Road Test
Nissan Qashqai+2 2.0 dCi Acenta
Test date 12 November 2008
Price as tested £21,499
For Versatile seating, solid performance, styling
AgainstCramped third row, above average emissions, bouncy ride
Barely a decade ago there were no small, affordable seven-seaters. In 1999 General Motors changed all that with the Vauxhall Zafira, squeezing a full-size MPV’s usefulness into a footprint little bigger than that of a compact family hatch. A vehicle to carry not only a family but their kids’ friends and their paraphernalia is what many need, the Zafira and its many imitators making this versatility considerably more affordable.

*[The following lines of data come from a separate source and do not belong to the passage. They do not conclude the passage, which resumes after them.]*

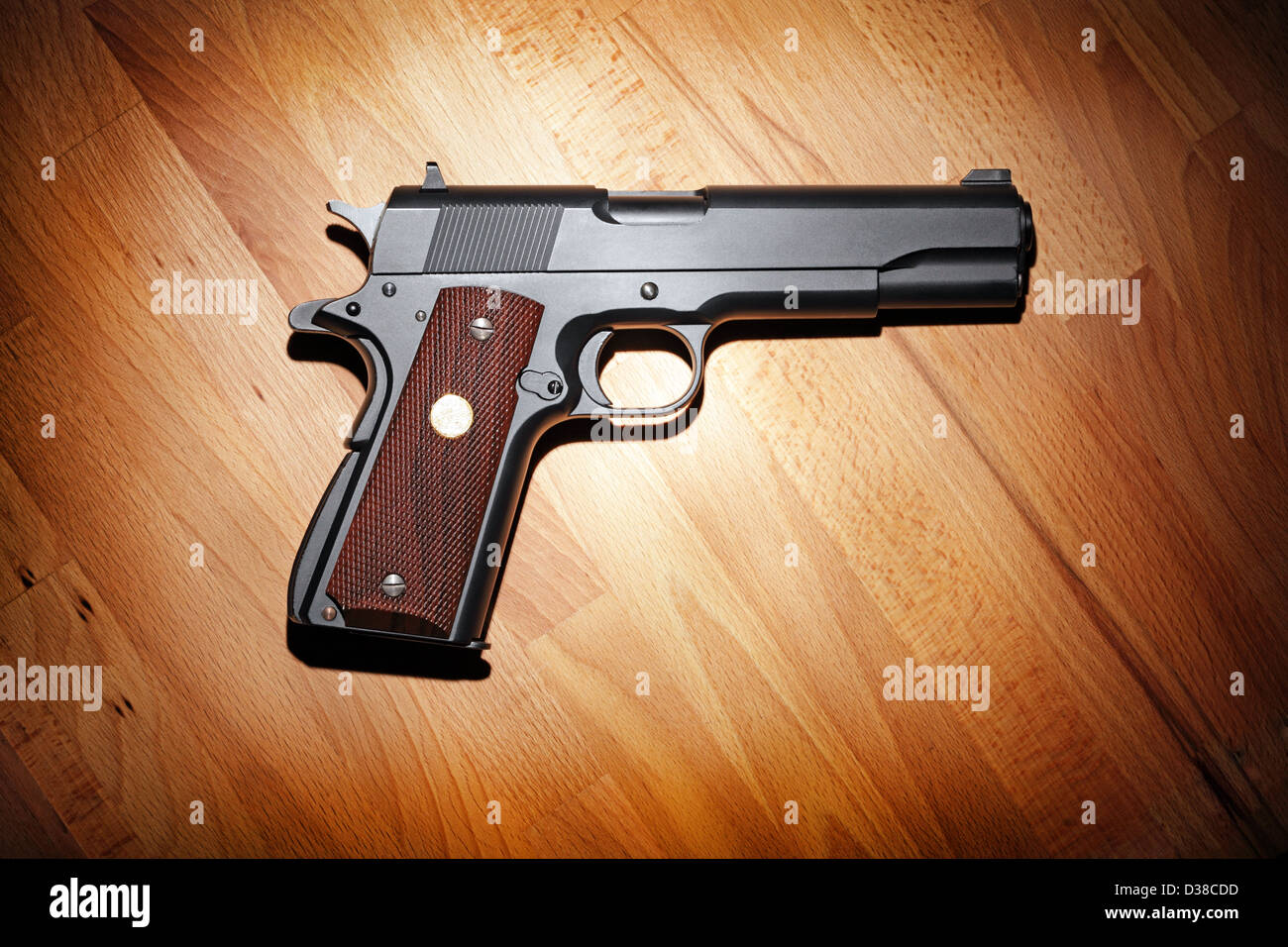 Semi-automatic M1911 Mark IV Series 80 .45 caliber pistol on the wooden table. Stock Photo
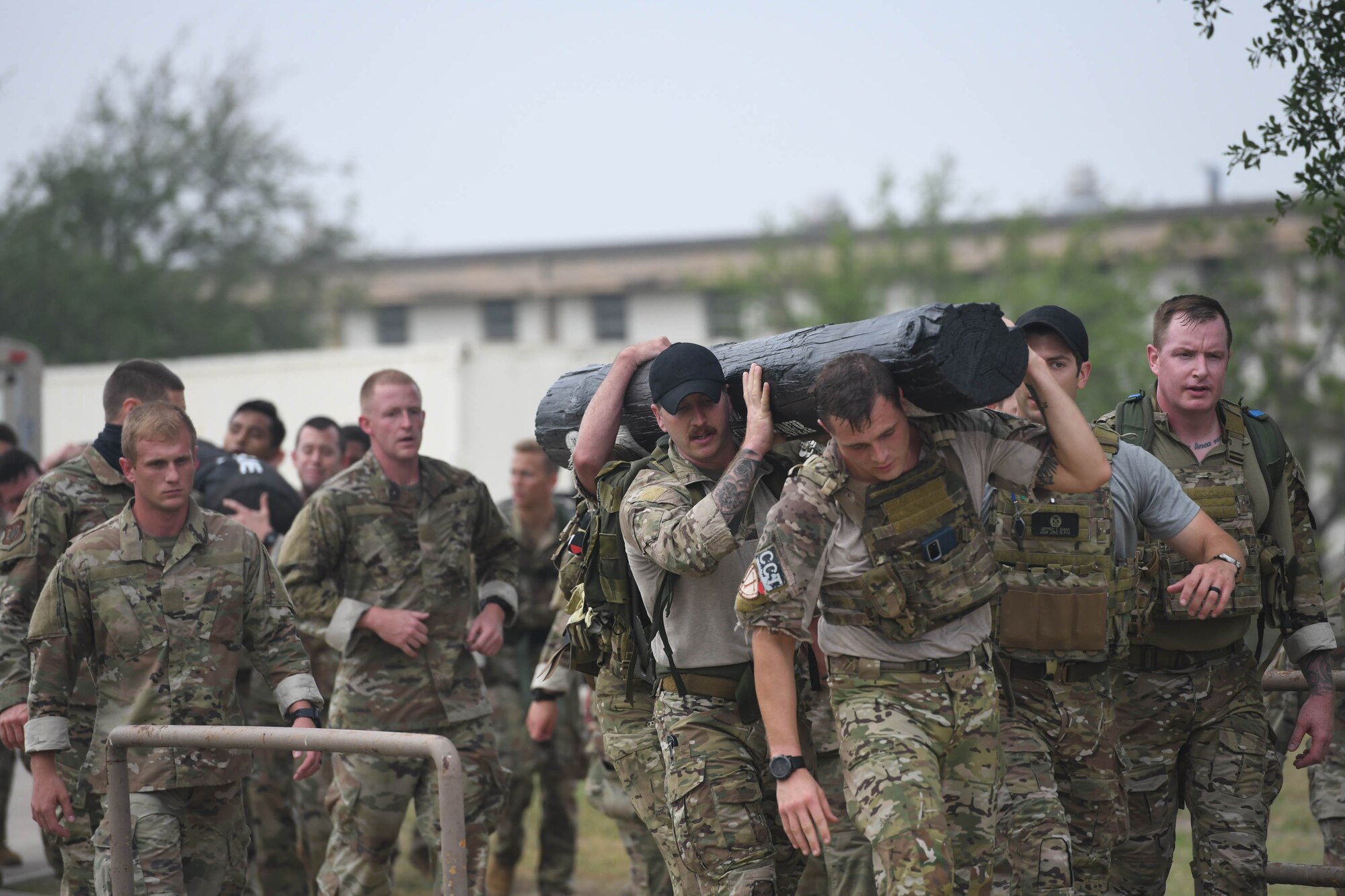 JOINT BASE SAN ANTONIO-CHAPMAN TRAINING ANNEX, Texas—Chief Master Sgt. Todd M. Popovic, Special Warfare Training Wing, or SWTW, command chief, leads a formation in memorial pushups after a memorial log carry for fallen airman, Lt. Col. William Schroeder, at the SWTW located on Joint Base San Antonio-Chapman Training Annex, or JBSA-CTA, Apr. 8, 2021.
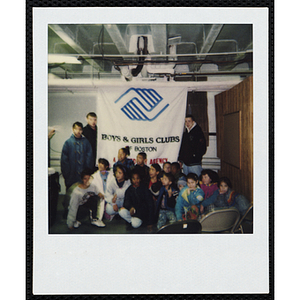 Seventeen boys and girls posing with the Boys and Girls Clubs of Boston banner, some of them looking up to their right, during an event at the Chelsea Clubhouse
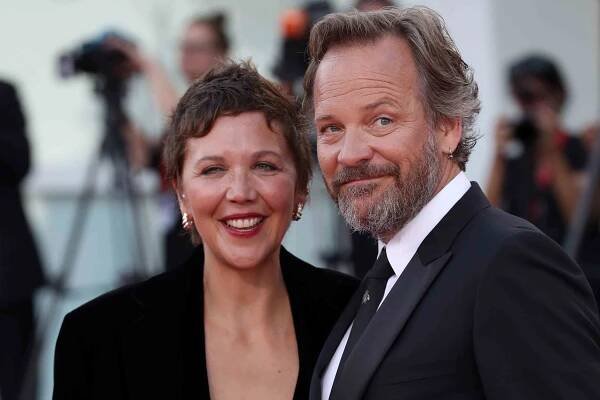 Maggie Gyllenhaal and Peter Sarsgaard on the red carpet ahead of the closing ceremony at the 80th Venice International Film Festival on Sept. 9, 2023, in Venice, Italy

Those seven seats are now coming packaged in different styles, from the sporty, near full-size Ford S-Max to Vauxhall’s budget Antara 4x4 and Peugeot’s seven-seat 308 SW estate. Fiat and Honda will do you two rows of three seats, too.
The Nissan Qashqai+2 is yet another variation, providing seven seats in a cross of four-wheel drive, MPV and hatch that trades family bus aura for the appeal of an off-roader.
For the extra seats and stretched wheelbase you pay another £1450, taking the Qashqai+2 to the edge of full-size, seven-seat MPV territory, particularly in the £20,149 2.0 dCi Acenta form.
The Qashqai+2 isn’t Nissan’s first attempt at a small MPV. Between 2000 and 2006 Nissan sold the Almera Tino, an MPV based on the unloved second-generation Almera hatchback.
The problem was that the Tino was a five-seater at a time when the seven-seat Vauxhall Zafira was changing the shape of the small MPV market for good. After the arrival of the quasi-MPV Qashqai in 2007, the introduction of a seven-seater was inevitable.